And, as has so often been the case in the past, we might be able to find some of our answers by looking to the military — specifically the U.S. military, which is the world’s biggest single consumer of oil.

The U.S. military burns as much oil in six days as all of Canada does in a day. They’re burning more than 400,000 barrels every day, and they’re worried. It’s no wonder their planners are developing of hybrid diesel-electric armoured vehicles, and they have enlisted the military in Europe and Scandinavia to work with them.

What’s being worked on are two types of hybrid: the parallel hybrid and the series hybrid.

The parallel hybrid has electric and diesel motors that reinforce each other, with the electric motor kicking in at low rpm and when standing. The diesel takes over at higher rpm. These vehicles still have both a driveshaft and a differential gear.

Series hybrids uses a diesel engine simply to run an electric generator, which is connected to electric motors that actually run the vehicle. They can be arranged in either of two configurations. In one, there are two motors for each axle; in the other, there is one in each wheel hub.

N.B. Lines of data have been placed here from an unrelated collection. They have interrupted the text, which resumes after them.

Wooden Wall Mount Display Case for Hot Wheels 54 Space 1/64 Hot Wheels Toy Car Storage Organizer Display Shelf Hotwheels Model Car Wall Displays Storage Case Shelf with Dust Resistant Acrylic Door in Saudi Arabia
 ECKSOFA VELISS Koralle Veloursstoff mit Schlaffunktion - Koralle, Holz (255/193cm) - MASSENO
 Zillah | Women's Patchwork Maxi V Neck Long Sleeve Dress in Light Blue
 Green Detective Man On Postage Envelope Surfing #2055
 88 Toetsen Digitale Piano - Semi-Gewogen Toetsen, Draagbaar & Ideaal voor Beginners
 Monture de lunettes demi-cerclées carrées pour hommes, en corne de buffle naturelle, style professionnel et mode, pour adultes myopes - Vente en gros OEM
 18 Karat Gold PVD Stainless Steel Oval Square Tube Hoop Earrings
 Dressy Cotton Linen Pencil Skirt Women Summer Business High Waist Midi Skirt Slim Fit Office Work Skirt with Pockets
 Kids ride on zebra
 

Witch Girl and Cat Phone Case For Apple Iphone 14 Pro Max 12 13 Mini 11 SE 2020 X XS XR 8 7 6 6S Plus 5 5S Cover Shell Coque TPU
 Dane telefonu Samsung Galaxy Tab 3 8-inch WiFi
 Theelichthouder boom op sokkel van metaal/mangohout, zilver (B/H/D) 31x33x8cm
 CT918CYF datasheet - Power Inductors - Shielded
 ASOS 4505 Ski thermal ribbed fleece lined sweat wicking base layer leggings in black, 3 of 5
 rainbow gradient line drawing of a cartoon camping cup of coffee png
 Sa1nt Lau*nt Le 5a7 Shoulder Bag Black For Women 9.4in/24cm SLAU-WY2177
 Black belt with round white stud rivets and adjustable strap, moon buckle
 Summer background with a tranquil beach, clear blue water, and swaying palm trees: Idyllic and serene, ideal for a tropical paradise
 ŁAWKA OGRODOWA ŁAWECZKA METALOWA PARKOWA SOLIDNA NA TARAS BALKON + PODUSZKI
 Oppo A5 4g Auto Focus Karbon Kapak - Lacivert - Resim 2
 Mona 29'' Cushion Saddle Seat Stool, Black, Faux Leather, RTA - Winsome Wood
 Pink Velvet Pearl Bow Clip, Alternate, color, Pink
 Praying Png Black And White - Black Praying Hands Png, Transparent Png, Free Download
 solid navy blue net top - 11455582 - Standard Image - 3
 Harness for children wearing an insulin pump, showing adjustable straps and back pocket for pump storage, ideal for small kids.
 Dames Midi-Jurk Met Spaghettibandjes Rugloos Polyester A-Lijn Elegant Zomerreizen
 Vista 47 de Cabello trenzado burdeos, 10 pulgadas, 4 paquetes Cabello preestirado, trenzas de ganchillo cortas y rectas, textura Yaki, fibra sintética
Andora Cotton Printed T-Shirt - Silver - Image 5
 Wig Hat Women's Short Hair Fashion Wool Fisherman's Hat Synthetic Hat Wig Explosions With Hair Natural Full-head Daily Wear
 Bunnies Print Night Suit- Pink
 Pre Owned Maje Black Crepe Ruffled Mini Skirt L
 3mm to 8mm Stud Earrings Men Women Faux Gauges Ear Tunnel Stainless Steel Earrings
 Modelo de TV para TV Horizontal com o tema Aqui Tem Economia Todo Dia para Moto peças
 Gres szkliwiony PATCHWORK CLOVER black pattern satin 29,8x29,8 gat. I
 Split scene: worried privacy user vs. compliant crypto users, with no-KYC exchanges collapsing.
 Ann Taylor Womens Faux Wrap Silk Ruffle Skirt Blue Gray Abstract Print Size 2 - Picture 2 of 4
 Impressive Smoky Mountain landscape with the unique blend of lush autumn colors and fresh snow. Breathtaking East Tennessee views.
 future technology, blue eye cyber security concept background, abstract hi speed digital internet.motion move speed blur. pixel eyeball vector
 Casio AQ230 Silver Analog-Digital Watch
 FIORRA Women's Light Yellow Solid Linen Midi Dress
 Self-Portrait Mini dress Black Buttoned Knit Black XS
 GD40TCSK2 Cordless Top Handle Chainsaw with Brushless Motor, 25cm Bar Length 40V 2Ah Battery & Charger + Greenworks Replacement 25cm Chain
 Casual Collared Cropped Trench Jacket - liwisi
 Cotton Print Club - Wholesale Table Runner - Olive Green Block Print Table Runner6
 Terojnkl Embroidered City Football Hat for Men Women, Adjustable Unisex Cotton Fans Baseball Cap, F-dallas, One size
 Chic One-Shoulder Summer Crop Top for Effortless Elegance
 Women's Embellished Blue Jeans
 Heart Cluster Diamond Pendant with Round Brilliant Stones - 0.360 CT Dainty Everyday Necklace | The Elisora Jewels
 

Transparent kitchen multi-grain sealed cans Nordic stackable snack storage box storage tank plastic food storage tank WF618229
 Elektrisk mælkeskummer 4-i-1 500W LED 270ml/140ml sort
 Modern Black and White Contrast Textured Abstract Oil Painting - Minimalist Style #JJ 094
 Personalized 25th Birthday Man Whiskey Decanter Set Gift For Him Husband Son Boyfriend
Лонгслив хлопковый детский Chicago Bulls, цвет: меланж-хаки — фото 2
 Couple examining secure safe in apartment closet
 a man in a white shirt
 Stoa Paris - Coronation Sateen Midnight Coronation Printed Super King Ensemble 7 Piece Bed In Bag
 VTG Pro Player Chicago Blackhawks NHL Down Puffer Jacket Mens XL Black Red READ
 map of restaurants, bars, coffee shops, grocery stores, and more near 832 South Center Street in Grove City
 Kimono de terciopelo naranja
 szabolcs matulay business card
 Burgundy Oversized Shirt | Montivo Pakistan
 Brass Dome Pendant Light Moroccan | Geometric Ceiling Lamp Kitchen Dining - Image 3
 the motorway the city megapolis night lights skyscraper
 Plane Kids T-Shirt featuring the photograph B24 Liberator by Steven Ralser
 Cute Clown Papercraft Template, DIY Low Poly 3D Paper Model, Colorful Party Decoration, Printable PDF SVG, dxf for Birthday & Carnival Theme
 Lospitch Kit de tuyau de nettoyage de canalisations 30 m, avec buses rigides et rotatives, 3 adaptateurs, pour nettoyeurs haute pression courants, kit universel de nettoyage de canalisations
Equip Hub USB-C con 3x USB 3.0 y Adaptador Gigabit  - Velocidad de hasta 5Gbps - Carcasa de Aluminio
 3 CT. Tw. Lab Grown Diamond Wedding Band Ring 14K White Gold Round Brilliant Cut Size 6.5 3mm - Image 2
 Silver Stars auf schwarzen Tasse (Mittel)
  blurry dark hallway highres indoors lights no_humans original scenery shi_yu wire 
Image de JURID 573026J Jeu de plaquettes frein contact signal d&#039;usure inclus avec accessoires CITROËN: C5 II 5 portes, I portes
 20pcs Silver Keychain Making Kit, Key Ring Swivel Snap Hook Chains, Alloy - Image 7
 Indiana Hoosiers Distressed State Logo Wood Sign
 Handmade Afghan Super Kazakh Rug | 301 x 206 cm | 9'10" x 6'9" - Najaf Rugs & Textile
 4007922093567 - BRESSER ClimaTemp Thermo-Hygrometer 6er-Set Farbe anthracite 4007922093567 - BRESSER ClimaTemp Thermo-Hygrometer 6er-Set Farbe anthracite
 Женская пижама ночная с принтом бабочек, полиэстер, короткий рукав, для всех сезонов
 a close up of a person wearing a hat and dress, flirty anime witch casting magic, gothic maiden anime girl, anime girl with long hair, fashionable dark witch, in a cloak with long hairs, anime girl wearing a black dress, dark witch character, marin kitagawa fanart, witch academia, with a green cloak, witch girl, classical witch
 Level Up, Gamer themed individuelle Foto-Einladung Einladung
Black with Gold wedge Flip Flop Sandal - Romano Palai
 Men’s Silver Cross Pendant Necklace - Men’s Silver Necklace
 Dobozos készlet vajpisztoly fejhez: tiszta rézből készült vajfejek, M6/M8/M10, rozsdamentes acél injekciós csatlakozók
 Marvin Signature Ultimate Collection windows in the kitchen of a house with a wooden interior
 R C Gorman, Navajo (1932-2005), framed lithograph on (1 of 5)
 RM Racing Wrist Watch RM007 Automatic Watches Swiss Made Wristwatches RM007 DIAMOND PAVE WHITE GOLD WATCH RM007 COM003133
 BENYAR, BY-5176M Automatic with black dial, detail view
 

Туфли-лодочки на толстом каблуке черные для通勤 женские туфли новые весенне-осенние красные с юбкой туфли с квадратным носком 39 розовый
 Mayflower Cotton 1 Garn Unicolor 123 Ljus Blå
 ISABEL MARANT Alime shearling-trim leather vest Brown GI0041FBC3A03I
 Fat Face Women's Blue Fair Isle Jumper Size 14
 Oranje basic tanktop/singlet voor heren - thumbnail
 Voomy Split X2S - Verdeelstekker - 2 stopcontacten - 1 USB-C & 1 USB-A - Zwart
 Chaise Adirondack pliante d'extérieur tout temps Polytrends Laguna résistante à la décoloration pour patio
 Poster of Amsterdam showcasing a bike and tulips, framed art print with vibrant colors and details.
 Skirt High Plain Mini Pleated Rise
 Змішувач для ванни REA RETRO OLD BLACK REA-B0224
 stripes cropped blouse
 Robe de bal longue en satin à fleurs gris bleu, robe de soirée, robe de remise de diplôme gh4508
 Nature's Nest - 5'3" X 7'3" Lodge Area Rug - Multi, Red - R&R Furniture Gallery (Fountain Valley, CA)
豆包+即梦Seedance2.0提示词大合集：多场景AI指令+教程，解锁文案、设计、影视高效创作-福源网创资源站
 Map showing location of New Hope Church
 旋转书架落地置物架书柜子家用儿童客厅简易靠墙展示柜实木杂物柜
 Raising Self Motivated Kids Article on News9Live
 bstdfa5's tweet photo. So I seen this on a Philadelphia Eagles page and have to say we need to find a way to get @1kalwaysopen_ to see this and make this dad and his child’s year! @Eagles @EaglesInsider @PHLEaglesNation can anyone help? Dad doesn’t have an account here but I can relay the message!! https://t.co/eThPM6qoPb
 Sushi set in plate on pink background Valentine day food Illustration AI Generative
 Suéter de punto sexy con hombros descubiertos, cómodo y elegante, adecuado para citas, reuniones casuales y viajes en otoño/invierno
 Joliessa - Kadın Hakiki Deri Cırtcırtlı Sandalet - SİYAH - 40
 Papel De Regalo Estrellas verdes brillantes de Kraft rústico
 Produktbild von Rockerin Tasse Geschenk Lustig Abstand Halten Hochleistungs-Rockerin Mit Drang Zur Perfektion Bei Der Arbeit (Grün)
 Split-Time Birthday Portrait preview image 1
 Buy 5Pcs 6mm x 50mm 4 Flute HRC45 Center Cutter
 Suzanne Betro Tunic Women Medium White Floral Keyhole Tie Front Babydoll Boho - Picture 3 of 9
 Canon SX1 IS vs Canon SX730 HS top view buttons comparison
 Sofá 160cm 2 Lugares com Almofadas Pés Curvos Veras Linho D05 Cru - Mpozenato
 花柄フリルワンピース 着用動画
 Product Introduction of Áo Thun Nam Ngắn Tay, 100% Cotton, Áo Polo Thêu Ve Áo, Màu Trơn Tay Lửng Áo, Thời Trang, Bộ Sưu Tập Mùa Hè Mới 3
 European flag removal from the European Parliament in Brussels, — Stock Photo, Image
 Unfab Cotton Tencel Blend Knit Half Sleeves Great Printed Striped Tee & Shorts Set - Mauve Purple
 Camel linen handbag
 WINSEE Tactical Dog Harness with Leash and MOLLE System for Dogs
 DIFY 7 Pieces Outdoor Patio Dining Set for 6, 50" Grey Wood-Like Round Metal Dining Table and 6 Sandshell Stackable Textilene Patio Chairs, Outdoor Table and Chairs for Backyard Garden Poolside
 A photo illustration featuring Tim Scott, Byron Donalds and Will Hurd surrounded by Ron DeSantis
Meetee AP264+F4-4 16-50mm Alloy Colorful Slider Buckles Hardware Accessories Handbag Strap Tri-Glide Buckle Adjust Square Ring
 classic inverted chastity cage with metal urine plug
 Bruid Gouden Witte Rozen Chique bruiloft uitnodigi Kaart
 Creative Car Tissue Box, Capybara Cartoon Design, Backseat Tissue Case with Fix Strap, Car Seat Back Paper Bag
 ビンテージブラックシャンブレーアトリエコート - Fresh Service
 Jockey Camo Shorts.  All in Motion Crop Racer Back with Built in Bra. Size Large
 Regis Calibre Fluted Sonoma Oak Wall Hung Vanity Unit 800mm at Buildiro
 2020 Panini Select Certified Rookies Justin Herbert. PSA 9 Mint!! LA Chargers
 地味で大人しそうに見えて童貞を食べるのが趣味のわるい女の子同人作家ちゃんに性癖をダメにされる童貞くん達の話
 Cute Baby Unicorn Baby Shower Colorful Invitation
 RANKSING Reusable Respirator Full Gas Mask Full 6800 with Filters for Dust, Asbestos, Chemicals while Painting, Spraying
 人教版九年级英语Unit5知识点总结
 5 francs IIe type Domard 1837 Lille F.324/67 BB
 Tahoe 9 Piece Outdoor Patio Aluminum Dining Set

Both versions use less fuel than conventional internal combustion engines. They pollute less, and cost more.

But armoured vehicles are not the military’s only concern. This month, the U.S. air force began evaluating the six heavy hybrid trucks. Two are being used as tenders for refueling aircraft; two are being used for trash collection, and two are dump trucks.

Part of this project is an evaluation of a third hybrid technology — the hydraulic drive.

This is somewhat more specialized than other gasoline- or diesel-electric hybrids, and seems to work better on heavier vehicles and in stop-and-go traffic. It’s a system that recovers energy when braking by engaging a pump, turned by the wheels. The pump powers hydraulic pistons to pressurize nitrogen gas contained in a high-pressure tank. The energy thus stored is then used by allowing it to flow back through the pump, transforming it temporarily into a drive motor directing power to the wheels.

This is an engine that can store and deliver huge amounts of energy quickly, more quickly than battery systems. And its storage ability doesn’t diminish over time, which is a fact of life with present battery technology.

All this work is something the construction industry should watch closely. The U.S. air force project is important because the air force operates thousands of pieces of equipment — trucks, tractors, earth movers, graders, loaders — everything needed to support its operations.

The work is being done in conjunction with Mack Trucks, part of the Swedish Volvo Group, which is also involved in heavy equipment for the construction and mining industries. Volvo believes the technology will be mature enough by 2009 to offer it for sale commercially. The equipment will cost more, but the company believes the forecast fuel savings of up to 35 per cent will be enough to offset the cost of the hybrid components.

There are so many different technologies being developed in so many fields now that there is no such thing as one size that fits all. The people charged with writing the specs when a company decides to buy new equipment will have a whole new vocabulary to learn, and will have to be much more careful in their product comparisons.

The result, though, ought to be equipment that works better, more cheaply, and in a fashion that is much more friendly to the environment.